不是每個年代都有機會見證歷史重演,我們特別「幸運」,或許也特別了解平淡是福的道理。
2011 年前,我想沒有人能預計,國際核事件分級表中的 7 級特大事故有機會重演。而切爾諾貝爾帶給我的震撼,正正來自我去年到福島地區考察。當時區內上上下下仍在為未取消的東京奧運努力準備,清理工作如火如荼,希望爭取在奧運前開放更多地區,卻不禁讓我想起,世界另一端的切爾諾貝爾,恍如被遺棄的孤兒,獨坐在烏克蘭國土一隅,直至死去。
與其說切爾諾貝爾被遺棄,不如說是「被逼遺棄」。1986 年技術尚未成熟,核災發生後,沒有人知道可以如何處理,只好用半年時間趕建「石棺」水泥圍牆封起核電廠,以免輻射繼續擴散。30 年過去,除了維修石棺的工作人員 (和其他多手的遊客),沒有人再敢去觸碰區內一磚一瓦,生怕把滿載輻射的潘朵拉盒子打開,只有靜待區內的人和動物老去、離開;輻射物質慢慢過了半衰期,輻射強度衰減;廢墟建築物日久失修,自行倒下。我想區內大抵也可以以「時間仿如定格在事故發生的一刻」來形容吧,或許打算待時間把舊有的年代抹除後,再重建截然不同的新地方。

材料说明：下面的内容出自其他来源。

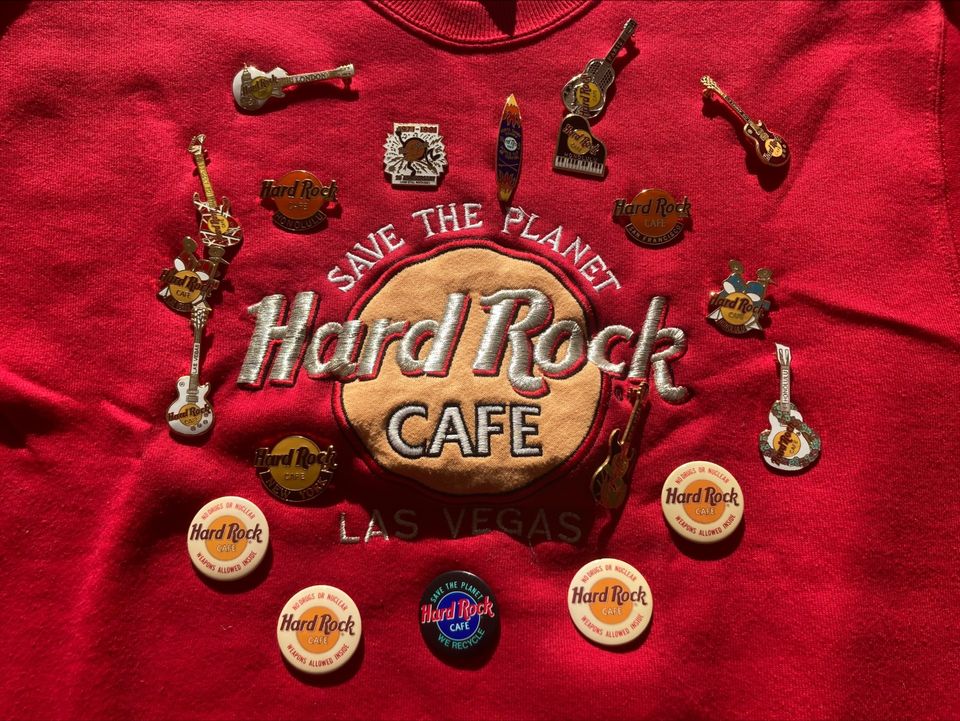 diverse Pins "Hard Rock Cafe" in Poing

另一邊廂,福島雖歷劫重生,卻有如新生嬰兒,迎接全新的發展。有如切爾諾貝爾,核電廠方圓三十公里的區域受核輻射污染,劃為禁區,居民只可收拾貴重物品盡快離開。不同的是,日本政府著力清走區內受污染的面層泥土,一步步縮減禁區範圍,開放讓居民重回到家鄉。

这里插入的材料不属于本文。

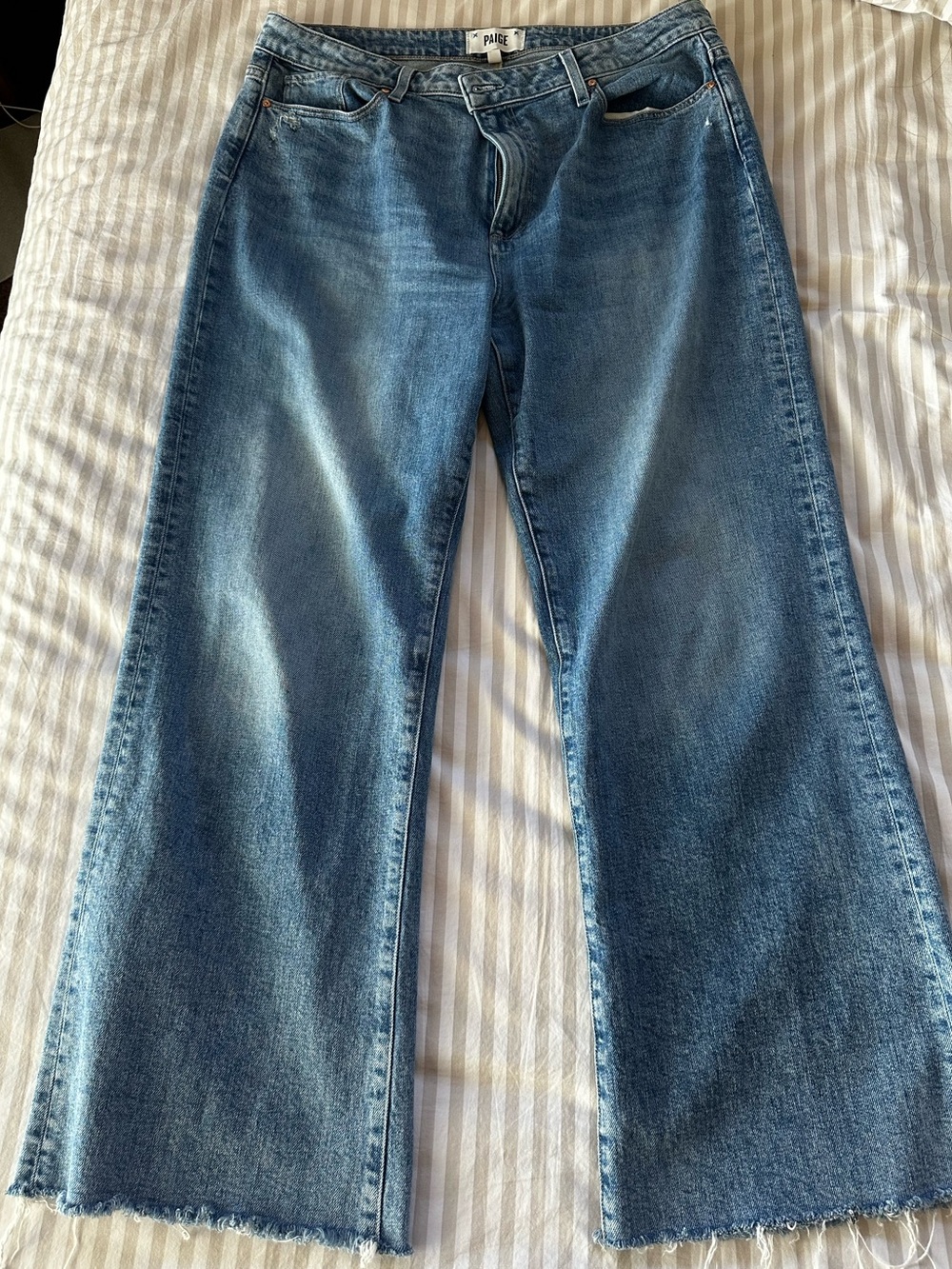 Paige Leenah Wide-Leg Raw Hem Jeans - Picture 8 of 9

去年四月,福島縣浪江町禁令解除,居民既可決定把老家拆掉,也可重回區內居住。近十年過去,大部分人已在其他地區開展新生活,町內空地比人多,只碰見數十位執行解除工作的工人。人們慢慢搬回來居住,生活配套也逐步建立,政府資助大型超級市場進駐,也有小型市集開設了幾家餐廳,讓居民基本生活不成問題。出乎意料,除了這裏的原居民,竟然也有新來客前來這不毛之地開荒。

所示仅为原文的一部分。